*Requirement*. When a record contains an image, skip the image and retype the rest of that record exactly.

*Materials provided*.
---------------

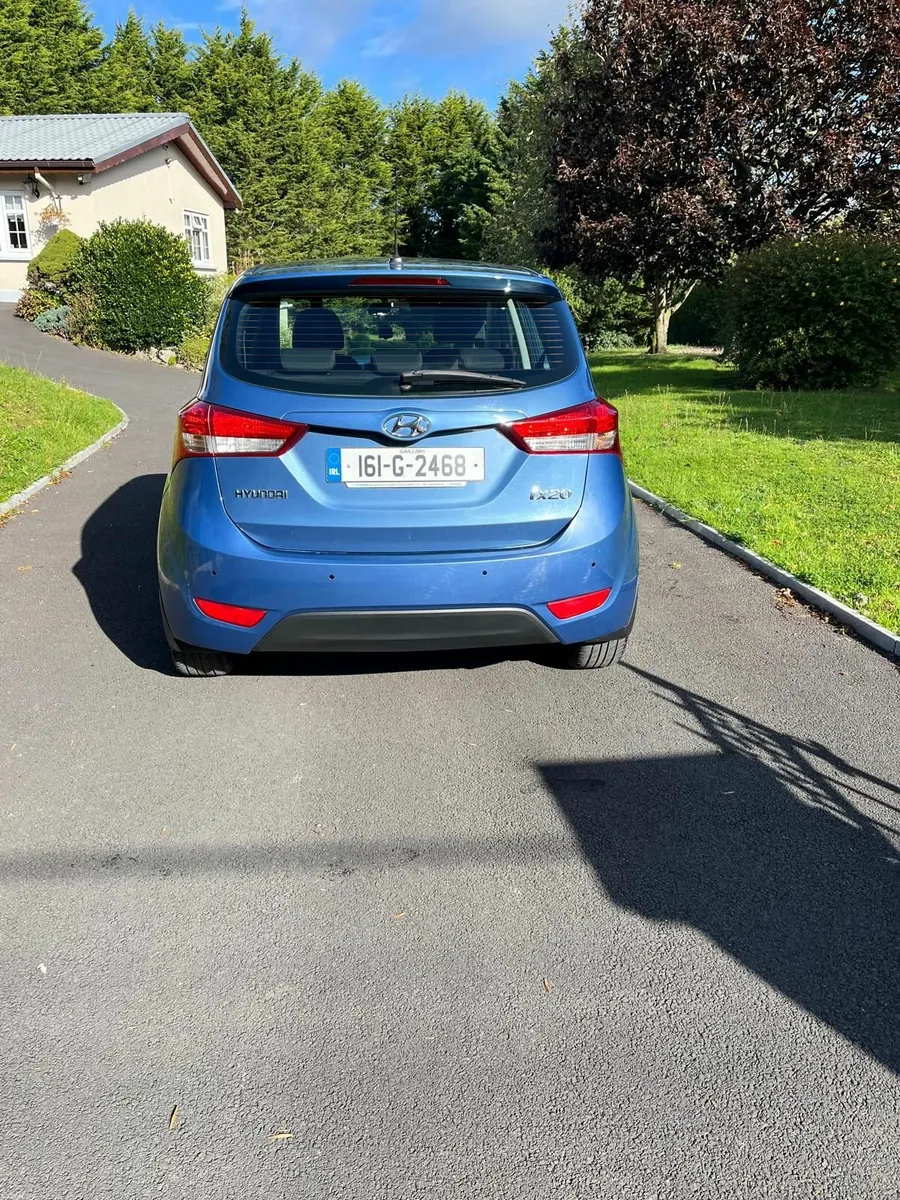 Hyundai ix20 2016 - Image 4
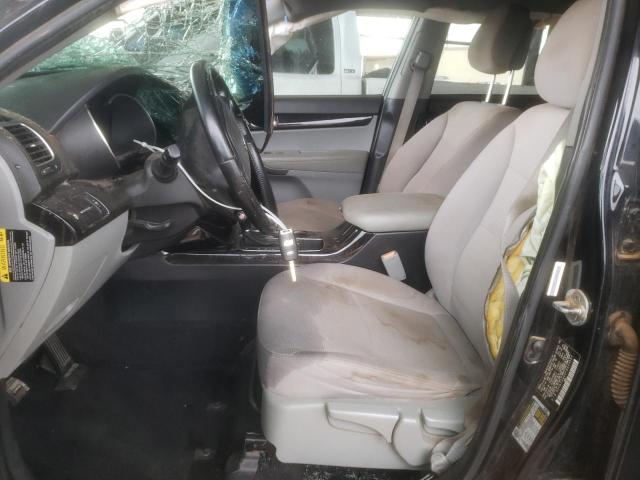 5XYKT3A6XFG553584 KIA SORENTO LX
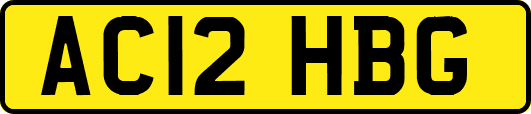 AC12HBG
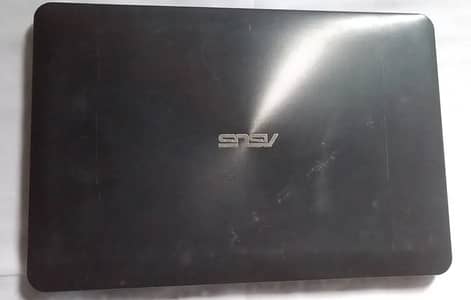 ASUS Laptop Core i3 5th Generation with 8GB Ram 128 GB SSD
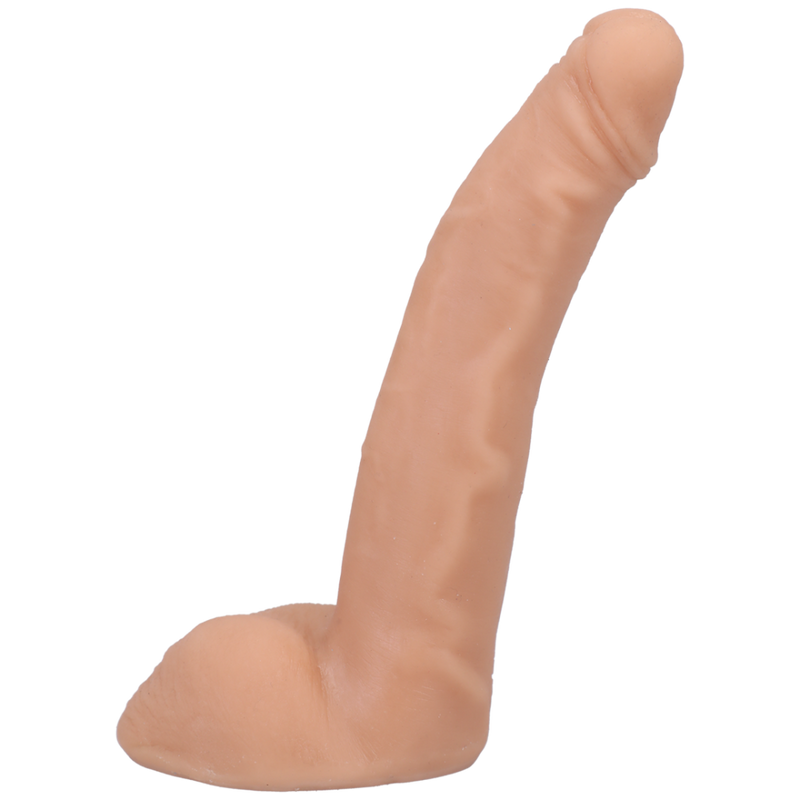 Quinton James - Realistic ULTRASKYN Dildo - 9.5 / 24 cm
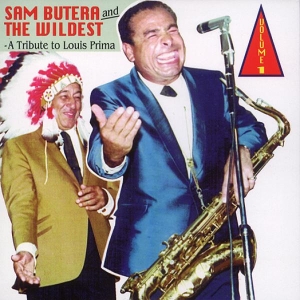 Sam Butera - Tribute To Louis Prima Vol. 1 in the group CD / Jazz at Bengans Skivbutik AB (5667390)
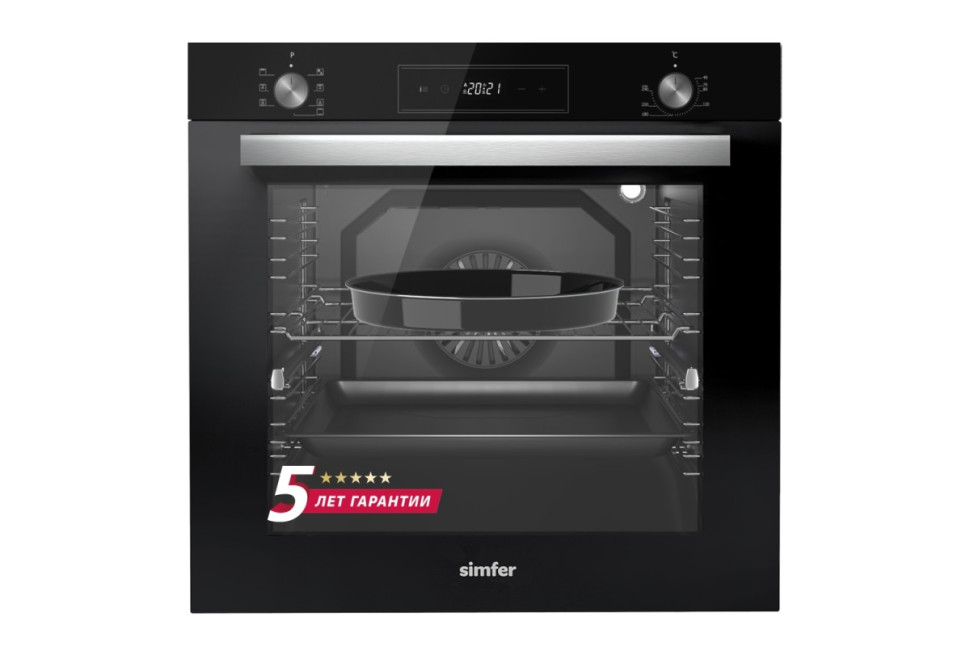 Электрический духовой шкаф Simfer B6ES68122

---------------

*Task solution*.
 Hyundai ix20 2016 - Image 4
 5XYKT3A6XFG553584 KIA SORENTO LX
 AC12HBG
 ASUS Laptop Core i3 5th Generation with 8GB Ram 128 GB SSD
 Quinton James - Realistic ULTRASKYN Dildo - 9.5 / 24 cm
 Sam Butera - Tribute To Louis Prima Vol. 1 in the group CD / Jazz at Bengans Skivbutik AB (5667390)
 Электрический духовой шкаф Simfer B6ES68122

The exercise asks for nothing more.